The words hung in the air between them, ugly and irreversible.
Eliza’s expression shuttered. “I see. And what of your trips to the theater? The ones you failed to mention to me?”
August went still. “What?”
“You heard me. You have been going to the theater. Twice, at least, since your father died. During mourning, when you should have been at home. Where were you really, August? And with whom?”
“Who told you that?”
“It does not matter who told me. What matters is that you were there. Were you seeking comfort?”
“Do not turn this around. We are discussing your infidelity, not my—”
“My infidelity!” She laughed, sharp and bitter.
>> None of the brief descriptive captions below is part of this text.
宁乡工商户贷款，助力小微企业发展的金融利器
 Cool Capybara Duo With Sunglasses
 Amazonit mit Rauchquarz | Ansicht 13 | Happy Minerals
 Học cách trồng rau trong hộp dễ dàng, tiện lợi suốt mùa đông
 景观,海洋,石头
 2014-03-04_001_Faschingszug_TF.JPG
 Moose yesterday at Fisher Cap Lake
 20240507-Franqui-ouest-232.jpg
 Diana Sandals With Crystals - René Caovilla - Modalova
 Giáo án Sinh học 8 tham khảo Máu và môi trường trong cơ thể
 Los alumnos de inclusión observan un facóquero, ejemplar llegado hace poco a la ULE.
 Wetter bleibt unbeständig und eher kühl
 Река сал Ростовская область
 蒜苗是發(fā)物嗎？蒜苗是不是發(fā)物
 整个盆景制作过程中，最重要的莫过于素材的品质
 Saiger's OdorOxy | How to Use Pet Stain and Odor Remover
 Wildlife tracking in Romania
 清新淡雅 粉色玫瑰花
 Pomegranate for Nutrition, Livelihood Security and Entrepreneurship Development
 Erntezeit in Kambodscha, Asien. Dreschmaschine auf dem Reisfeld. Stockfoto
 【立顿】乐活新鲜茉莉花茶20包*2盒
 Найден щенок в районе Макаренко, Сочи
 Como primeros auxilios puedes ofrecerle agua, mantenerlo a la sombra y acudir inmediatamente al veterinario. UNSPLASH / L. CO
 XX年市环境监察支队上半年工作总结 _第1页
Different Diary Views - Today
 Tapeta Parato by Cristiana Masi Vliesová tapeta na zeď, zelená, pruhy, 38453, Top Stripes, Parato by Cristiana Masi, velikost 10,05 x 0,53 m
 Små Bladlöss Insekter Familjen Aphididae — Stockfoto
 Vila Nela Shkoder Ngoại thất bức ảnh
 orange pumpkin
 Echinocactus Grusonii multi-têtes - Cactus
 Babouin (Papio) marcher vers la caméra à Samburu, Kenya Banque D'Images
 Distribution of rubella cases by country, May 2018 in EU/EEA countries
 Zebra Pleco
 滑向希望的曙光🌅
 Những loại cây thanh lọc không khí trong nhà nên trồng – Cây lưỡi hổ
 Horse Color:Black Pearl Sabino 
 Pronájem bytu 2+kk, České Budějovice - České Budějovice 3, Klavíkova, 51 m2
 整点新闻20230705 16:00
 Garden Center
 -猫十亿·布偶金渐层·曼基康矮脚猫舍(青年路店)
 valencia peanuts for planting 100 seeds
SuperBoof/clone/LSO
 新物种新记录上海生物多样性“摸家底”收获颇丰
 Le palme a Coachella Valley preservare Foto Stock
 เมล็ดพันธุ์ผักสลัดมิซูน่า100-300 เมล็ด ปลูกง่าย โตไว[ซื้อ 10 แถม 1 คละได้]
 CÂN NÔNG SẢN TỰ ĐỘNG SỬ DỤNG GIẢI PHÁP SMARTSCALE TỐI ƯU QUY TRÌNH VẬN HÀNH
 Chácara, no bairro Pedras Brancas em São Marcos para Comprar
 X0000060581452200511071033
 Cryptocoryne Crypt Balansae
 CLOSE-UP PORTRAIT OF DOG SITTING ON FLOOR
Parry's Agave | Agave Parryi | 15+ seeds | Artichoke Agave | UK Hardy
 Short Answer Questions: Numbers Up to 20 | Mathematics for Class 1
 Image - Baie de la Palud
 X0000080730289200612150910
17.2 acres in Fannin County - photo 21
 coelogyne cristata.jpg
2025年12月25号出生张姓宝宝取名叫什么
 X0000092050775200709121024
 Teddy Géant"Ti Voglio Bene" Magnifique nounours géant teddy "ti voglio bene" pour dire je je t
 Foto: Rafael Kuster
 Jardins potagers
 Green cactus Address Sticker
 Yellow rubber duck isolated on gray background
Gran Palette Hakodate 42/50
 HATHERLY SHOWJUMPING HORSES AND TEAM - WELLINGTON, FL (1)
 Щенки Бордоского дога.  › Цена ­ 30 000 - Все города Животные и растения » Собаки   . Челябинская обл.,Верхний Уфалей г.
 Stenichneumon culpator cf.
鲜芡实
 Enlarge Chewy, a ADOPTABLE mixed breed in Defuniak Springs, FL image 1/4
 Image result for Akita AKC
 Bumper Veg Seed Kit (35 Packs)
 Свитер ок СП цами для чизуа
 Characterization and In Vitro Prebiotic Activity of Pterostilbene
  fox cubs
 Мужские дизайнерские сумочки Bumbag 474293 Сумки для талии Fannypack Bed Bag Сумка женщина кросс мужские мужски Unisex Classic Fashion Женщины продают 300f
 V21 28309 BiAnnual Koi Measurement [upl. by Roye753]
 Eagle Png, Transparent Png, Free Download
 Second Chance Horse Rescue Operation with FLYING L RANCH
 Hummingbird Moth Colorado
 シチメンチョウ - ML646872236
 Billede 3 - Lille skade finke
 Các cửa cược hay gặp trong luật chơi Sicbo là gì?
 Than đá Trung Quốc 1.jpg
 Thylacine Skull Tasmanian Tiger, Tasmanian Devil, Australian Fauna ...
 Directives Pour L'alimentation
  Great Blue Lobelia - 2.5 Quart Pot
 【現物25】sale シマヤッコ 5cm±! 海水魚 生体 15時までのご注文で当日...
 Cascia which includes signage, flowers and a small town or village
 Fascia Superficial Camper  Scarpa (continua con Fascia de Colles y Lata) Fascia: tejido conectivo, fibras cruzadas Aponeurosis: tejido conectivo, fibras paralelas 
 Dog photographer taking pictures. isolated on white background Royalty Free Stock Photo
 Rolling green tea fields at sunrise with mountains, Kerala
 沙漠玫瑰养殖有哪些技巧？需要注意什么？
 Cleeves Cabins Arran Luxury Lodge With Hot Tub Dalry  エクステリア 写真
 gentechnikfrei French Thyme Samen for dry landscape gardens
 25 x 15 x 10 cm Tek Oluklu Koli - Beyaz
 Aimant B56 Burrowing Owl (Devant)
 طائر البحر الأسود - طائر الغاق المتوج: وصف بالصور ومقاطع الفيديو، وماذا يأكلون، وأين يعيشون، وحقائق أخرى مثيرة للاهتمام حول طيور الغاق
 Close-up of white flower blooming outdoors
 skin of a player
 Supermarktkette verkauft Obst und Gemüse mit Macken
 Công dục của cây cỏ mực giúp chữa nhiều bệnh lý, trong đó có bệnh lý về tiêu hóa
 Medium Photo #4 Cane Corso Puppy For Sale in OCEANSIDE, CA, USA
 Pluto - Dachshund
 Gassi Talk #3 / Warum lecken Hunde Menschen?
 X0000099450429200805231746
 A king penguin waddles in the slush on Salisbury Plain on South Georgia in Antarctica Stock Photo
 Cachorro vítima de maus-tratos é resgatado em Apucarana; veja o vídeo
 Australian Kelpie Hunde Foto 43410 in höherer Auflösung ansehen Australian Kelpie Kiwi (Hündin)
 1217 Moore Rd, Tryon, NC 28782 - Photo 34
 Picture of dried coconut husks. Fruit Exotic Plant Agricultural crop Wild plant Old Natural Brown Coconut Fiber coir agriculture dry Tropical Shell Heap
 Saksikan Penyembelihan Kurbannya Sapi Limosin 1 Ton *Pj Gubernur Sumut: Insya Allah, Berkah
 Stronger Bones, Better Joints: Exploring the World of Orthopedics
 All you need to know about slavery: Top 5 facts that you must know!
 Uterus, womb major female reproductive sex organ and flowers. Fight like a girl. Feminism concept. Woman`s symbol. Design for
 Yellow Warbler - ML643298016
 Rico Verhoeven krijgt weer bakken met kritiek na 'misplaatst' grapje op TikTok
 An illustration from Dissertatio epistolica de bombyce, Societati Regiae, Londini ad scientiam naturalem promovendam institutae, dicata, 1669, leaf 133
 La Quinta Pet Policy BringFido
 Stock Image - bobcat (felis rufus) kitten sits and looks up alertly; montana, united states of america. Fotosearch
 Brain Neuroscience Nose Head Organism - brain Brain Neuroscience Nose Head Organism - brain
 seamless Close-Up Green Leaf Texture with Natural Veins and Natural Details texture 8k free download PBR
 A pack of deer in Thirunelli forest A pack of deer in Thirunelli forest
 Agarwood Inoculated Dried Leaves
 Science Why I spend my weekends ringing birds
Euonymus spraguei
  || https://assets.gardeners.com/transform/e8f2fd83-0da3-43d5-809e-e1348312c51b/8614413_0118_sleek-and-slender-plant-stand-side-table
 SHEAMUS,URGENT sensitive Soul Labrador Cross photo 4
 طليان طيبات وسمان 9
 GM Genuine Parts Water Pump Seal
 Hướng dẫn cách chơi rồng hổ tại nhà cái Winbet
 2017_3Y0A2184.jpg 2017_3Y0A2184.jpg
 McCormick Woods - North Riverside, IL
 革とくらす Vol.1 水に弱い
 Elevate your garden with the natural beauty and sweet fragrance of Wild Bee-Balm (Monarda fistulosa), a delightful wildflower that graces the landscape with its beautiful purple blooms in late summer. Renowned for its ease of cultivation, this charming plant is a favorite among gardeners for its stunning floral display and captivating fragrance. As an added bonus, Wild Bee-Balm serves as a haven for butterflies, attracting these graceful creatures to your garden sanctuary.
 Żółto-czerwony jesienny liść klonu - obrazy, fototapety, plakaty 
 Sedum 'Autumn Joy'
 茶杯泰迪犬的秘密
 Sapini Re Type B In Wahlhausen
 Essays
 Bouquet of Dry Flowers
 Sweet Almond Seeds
“I have been faithful to you in every possible way. In deed, in thought, in the foolish, foolish hope that perhaps this marriage might become something more than a transaction. But you have already made up your mind, have you not? You want to believe I am betraying you because it is easier than trusting me. Than trusting anyone.”
“Eliza—”
“No.” She held up a hand. “I will not stand here and defend myself against accusations based on a letter I have never seen from a person I do not know. If you wish to believe I am an adulteress, that is your prerogative. But do not expect me to beg for your good opinion when you have clearly decided it is not worth giving.”
She turned toward the door.
“Where are you going?”
“To the milliner’s. As I intended from the start. Unless you plan to lock me in my chambers like some medieval tyrant.”
“Eliza, wait—”
But she was already gone, the door slamming behind her with enough force to rattle the windows.
August stood in the center of his study, the crumpled letter at his feet, his chest heaving with breaths that would not quite fill his lungs.
What had he done?
The rage was still there, hot and insistent, fed by the words on that page. The way you looked when you came to me, breathless and wanting. But beneath it, colder and sharper, was doubt.
Eliza had looked genuinely shocked. Genuinely hurt. And her accusation about the theater—
He had gone to the theater. Twice. But not for the reasons she had appeared to believe. Not even close.